France has made it official; they have banned nicotine pouches. The French government has been flirting with the idea of banning oral nicotine, and on September 5, 2025, despite objections from many European countries, it published this extreme new law. Beginning March 2026, nicotine pouches will be illegal, with enforcement of the new law starting on April 1 2026.

Importantly for English nicotine pouch users, the law will apply to everyone in France. If you are visiting on holiday or on business, and are caught in possession of the product, you could face hundreds of euros in fines.

This is grim news for the quarter of the French population that currently smokes cigarettes and might be interested in switching to a less harmful nicotine product.

France ban pouches 2026

What Will this New Law Cover?

  • Scope: The new law prohibits the manufacturing, importation, distribution, possession, and use of all oral products containing nicotine, except for those that are classified as medicinal products or medical devices.
  • Products covered: Any products containing nicotine (synthetic or natural), packaged for sale, and designed for oral use are included within the ban. This includes non-medicinal pouches, gums, lozenges, beads, pastes, strips, and liquids.
  • Excluded products: The ban does not apply to smokeless tobacco products such as chewing tobacco, even though they are known to be cancer-causing.

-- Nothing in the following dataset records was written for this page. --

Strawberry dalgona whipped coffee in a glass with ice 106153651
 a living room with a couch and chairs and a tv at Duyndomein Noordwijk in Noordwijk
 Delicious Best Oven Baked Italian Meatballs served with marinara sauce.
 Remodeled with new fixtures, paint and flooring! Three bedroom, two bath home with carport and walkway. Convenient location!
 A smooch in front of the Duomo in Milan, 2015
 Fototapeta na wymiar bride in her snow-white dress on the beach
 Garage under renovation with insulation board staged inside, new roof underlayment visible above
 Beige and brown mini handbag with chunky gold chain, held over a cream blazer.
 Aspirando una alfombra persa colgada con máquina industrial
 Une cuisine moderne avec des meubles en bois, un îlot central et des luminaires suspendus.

What Might Be the Impact of the New Law?

  • Criminalises nicotine pouch users: Banning sale and possession means people who use pouches are now open to prosecution. This can only have the effect of pushing pouch users to the black market or even back to cigarettes.
  • Extreme regulation compared with other nicotine products: France already regulates cigarettes and vapes. Singling out pouches for a total ban—without showing they pose a higher health risk than other legal nicotine products— is completely counterproductive.  Better outcomes could be achieved by adopting risk-based policies.
  • France’s smoke-free goals in jeopardy. Smoking rates in France barely moved between 2020 and 2023 (-1 percentage point). Banning alternatives to cigarettes when smoking rates remain so high is not going to bring France any closer to its smoke-free goals.

What Lessons Have We Learned from Bans and Prohibitions?

  • Bans fuel black markets: Criminalising possession doesn’t eliminate demand; it is driven underground and across borders.
  • More effective options exist: Sweden achieved the EU’s lowest smoking rate through regulated access to better alternatives, not bans.
  • Good regulation beats prohibition. Age limits, product standards, packaging rules, and responsible marketing can protect youth while preserving regulated adult access to less harmful alternatives.